● **Problem details**:
Exactly retype the lines from the top of the data through the line containing "Greenhouse Drip Irrigation", leaving out every picture.
===== Data records =====
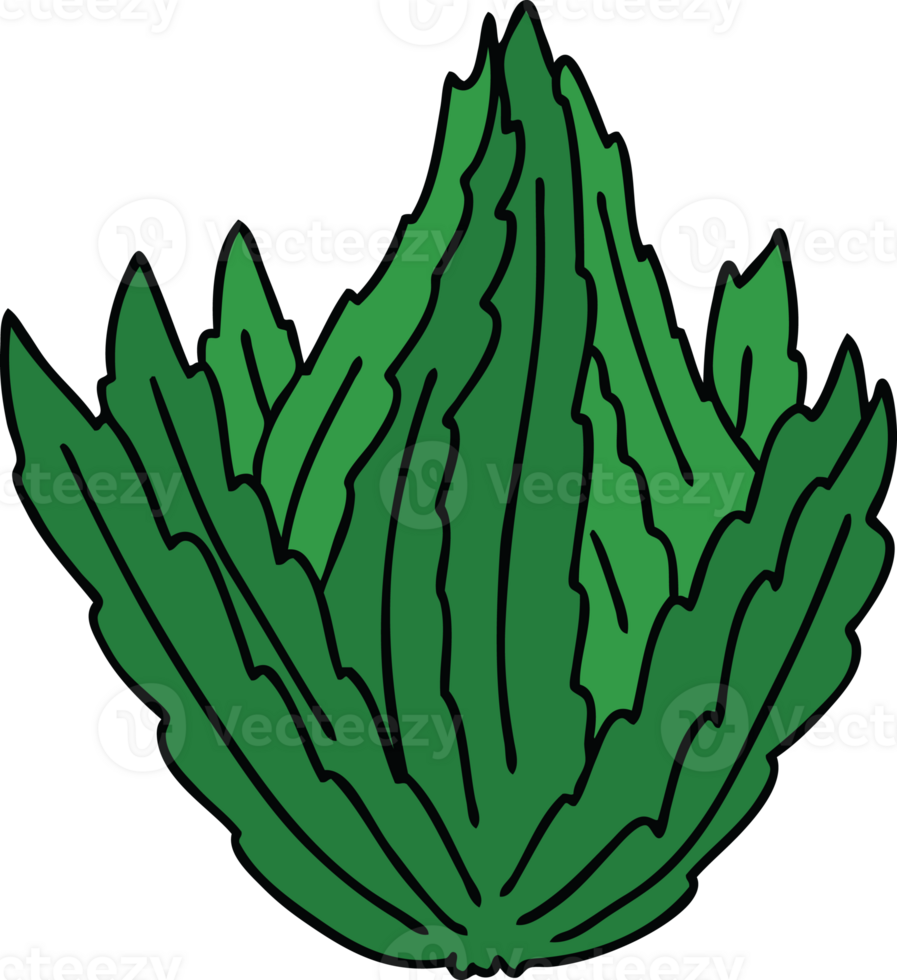 hand drawn quirky cartoon lettuce png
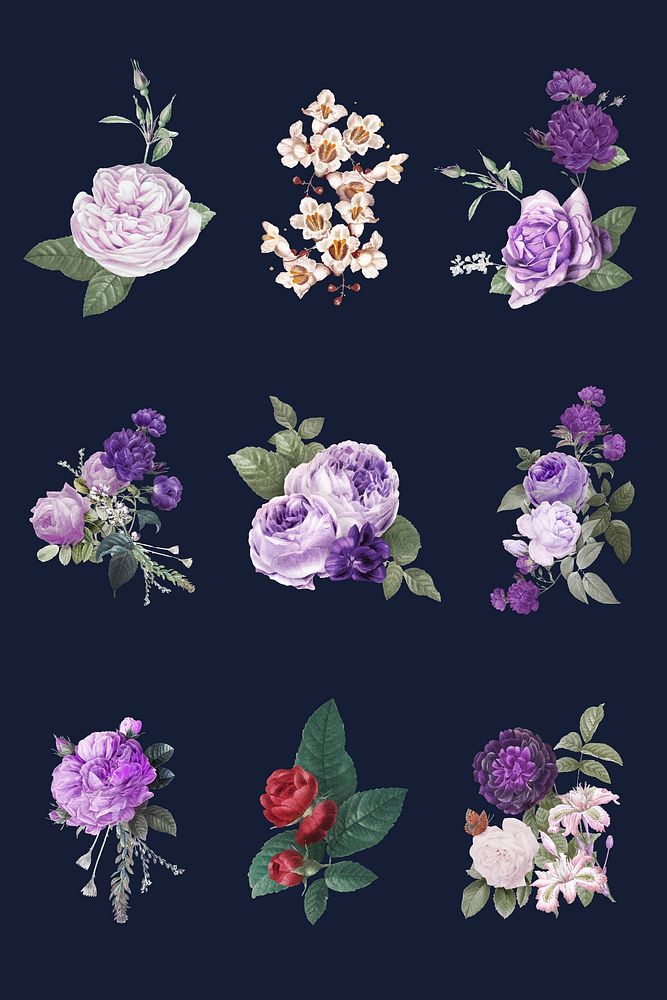 Botanical purple flowers vector watercolor hand drawn collection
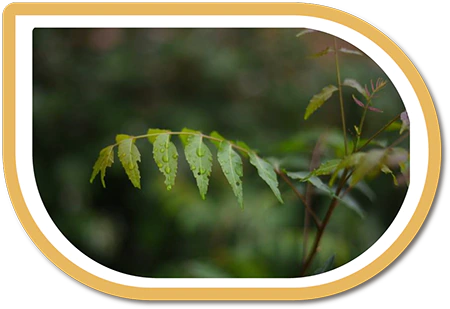 neem leaf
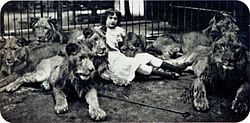 Black and white photograph of a diminutive woman wearing a light-colored dress and dark stockings surrounded by a pride of seven lions.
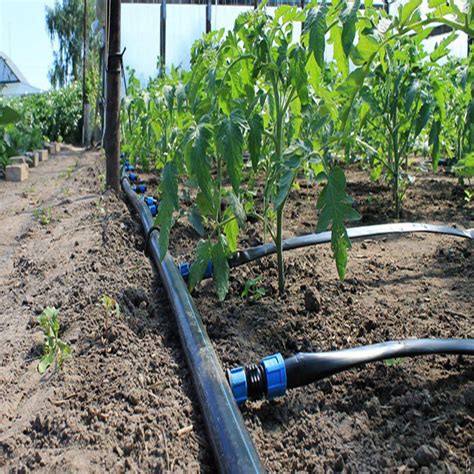 Greenhouse Drip Irrigation System Overhead Sprinkler System For
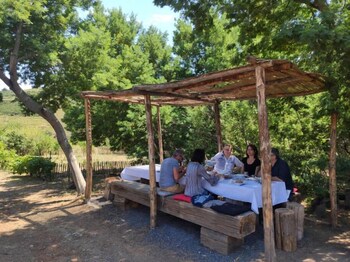 intense boutik ha tel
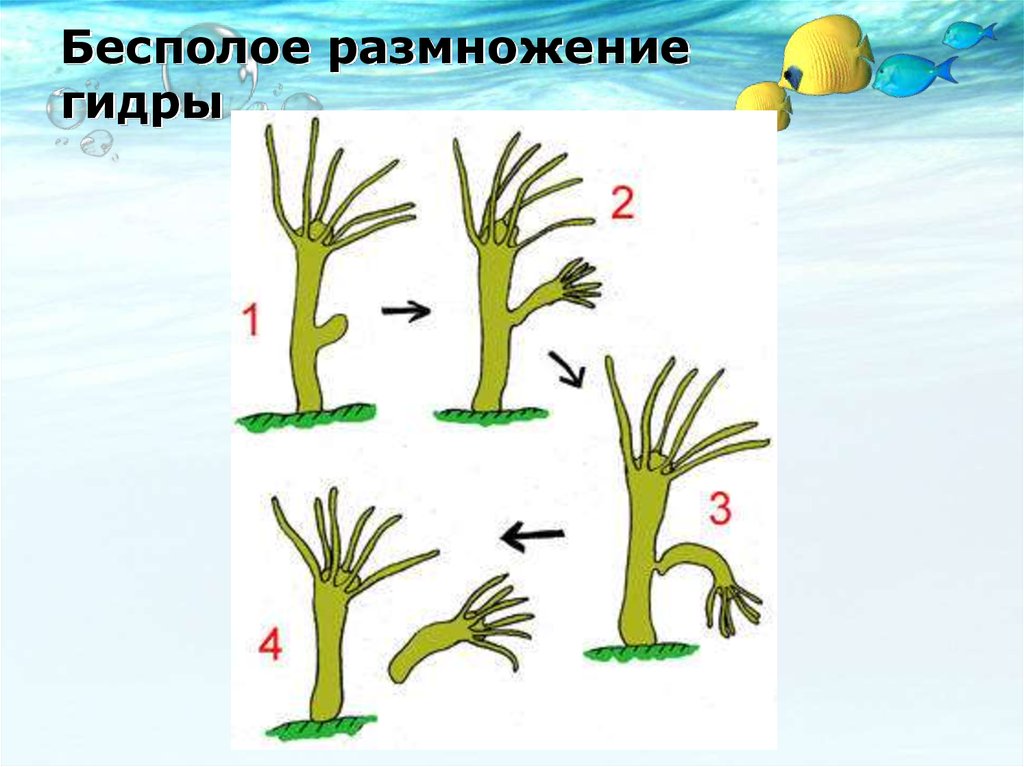 Размножение гидры биология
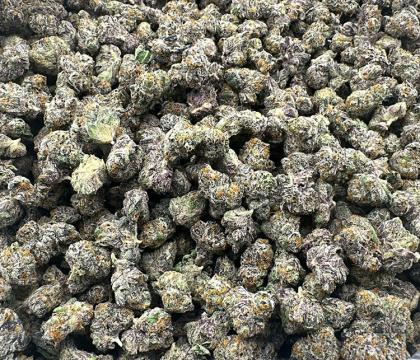 Biscotti (Gelato #25 x Girl Scout Cookies) Smalls Exotic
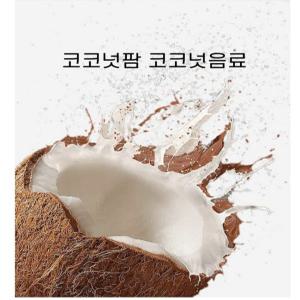 월월중국식품 하이난 코코넛팜 야자음료 240ml 24개입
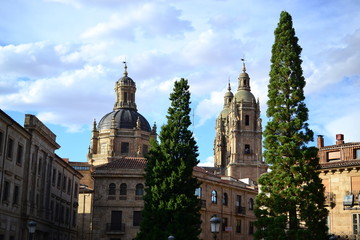 Fototapeta na wymiar Beautiful old city of Salamanca, Spain, Cathedral and Plaza Mayor and Universidad University, Spanish architecture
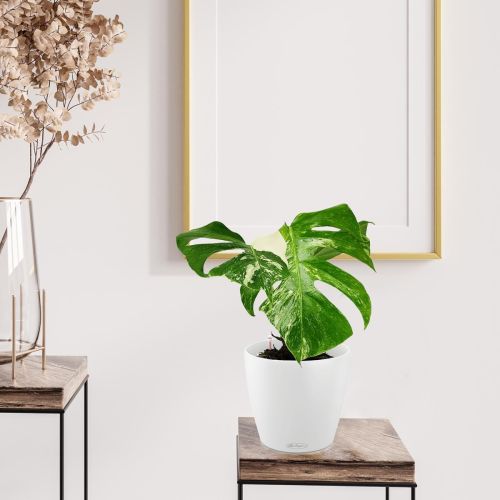 kwiat monstera
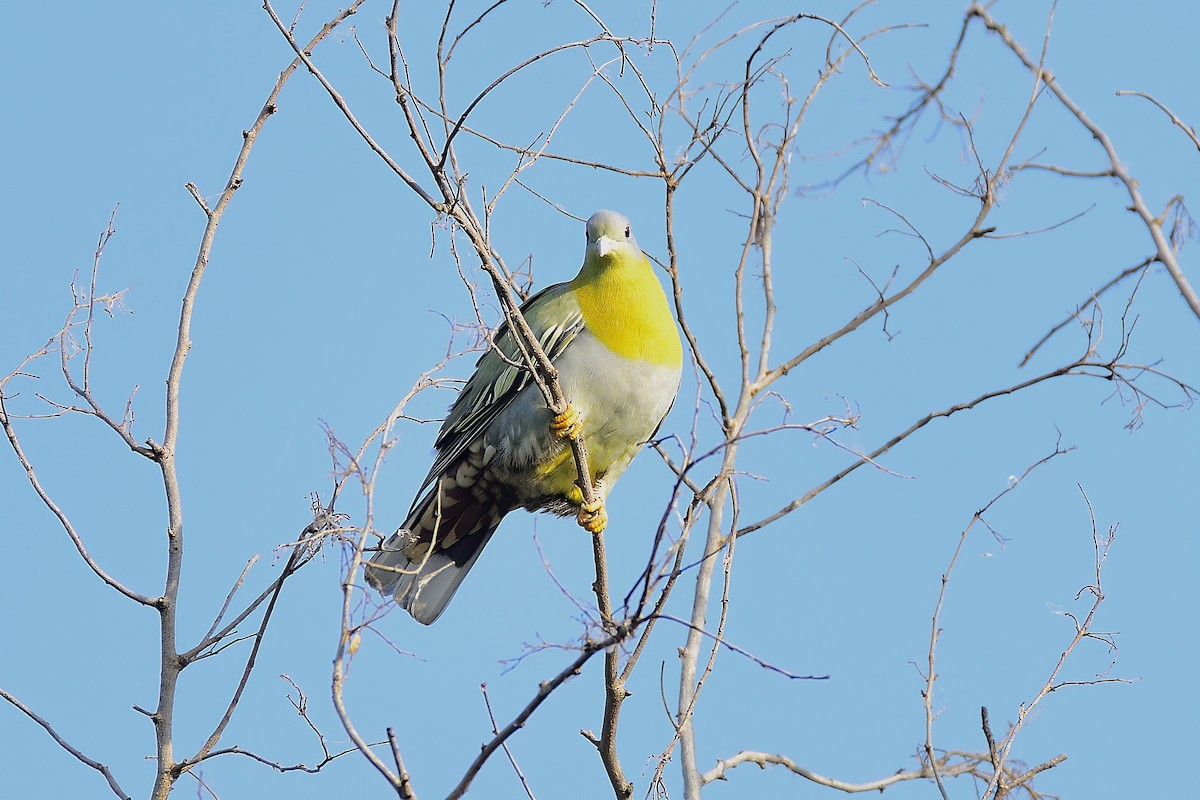 Yellow-footed Green-Pigeon - ML213895091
=====
● **Written response**:
 hand drawn quirky cartoon lettuce png
 Botanical purple flowers vector watercolor hand drawn collection
 neem leaf
 Black and white photograph of a diminutive woman wearing a light-colored dress and dark stockings surrounded by a pride of seven lions.
 Greenhouse Drip Irrigation System Overhead Sprinkler System For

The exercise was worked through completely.